- [Problem]
Repeat, exactly and in full, the lines of the listing below, but without any pictures.

- [Data shown]
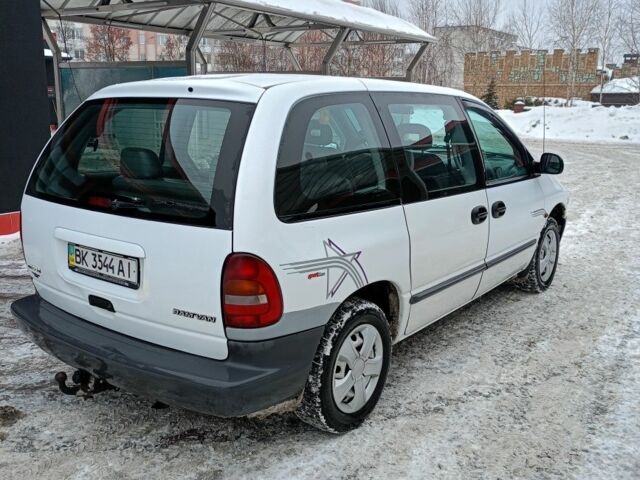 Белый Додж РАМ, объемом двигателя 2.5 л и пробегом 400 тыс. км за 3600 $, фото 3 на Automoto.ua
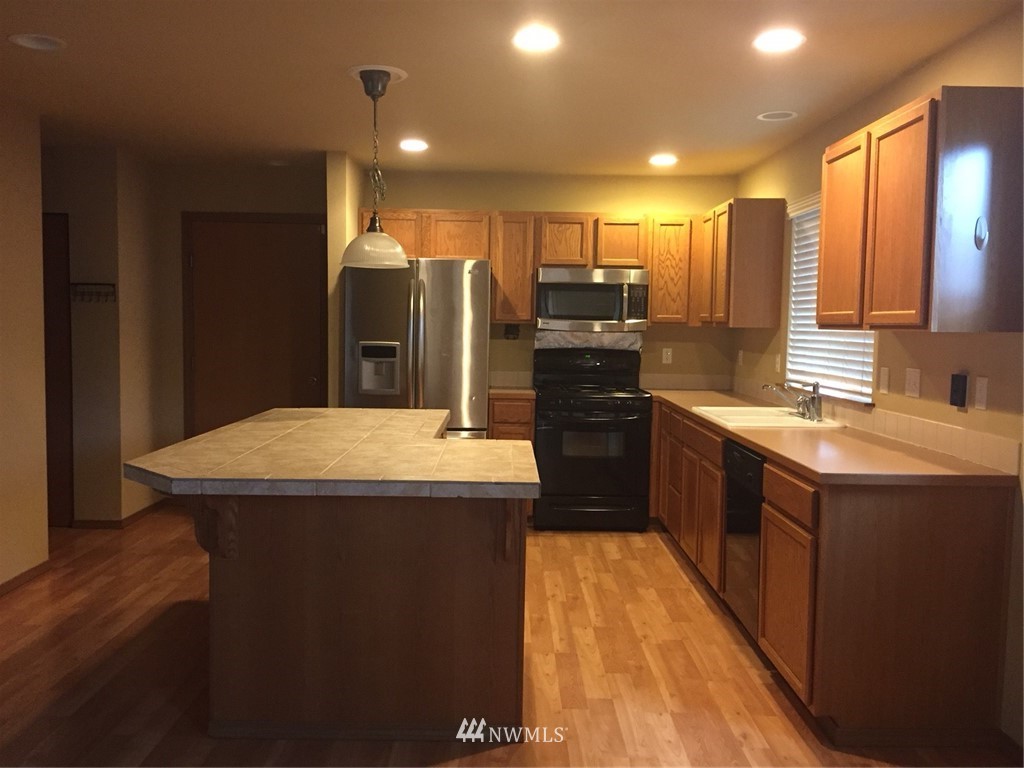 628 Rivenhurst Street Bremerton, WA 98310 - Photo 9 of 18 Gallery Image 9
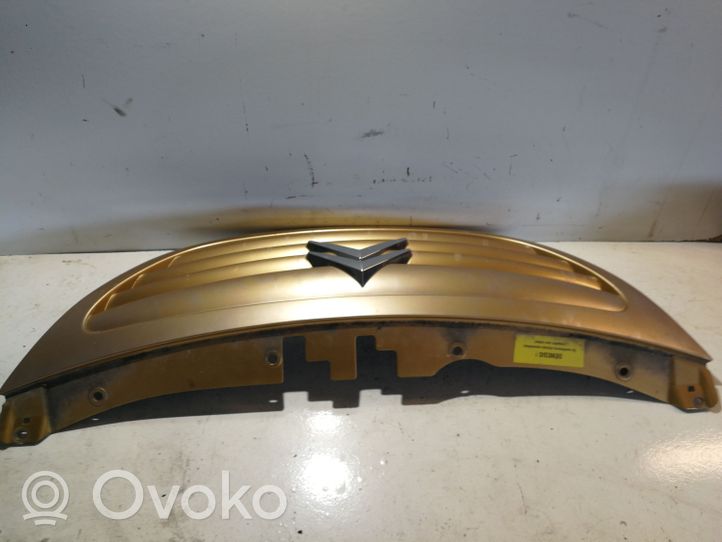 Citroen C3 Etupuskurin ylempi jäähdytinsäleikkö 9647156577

- [Reply to the task]
 Белый Додж РАМ, объемом двигателя 2.5 л и пробегом 400 тыс. км за 3600 $, фото 3 на Automoto.ua
 628 Rivenhurst Street Bremerton, WA 98310 - Photo 9 of 18 Gallery Image 9
 Citroen C3 Etupuskurin ylempi jäähdytinsäleikkö 9647156577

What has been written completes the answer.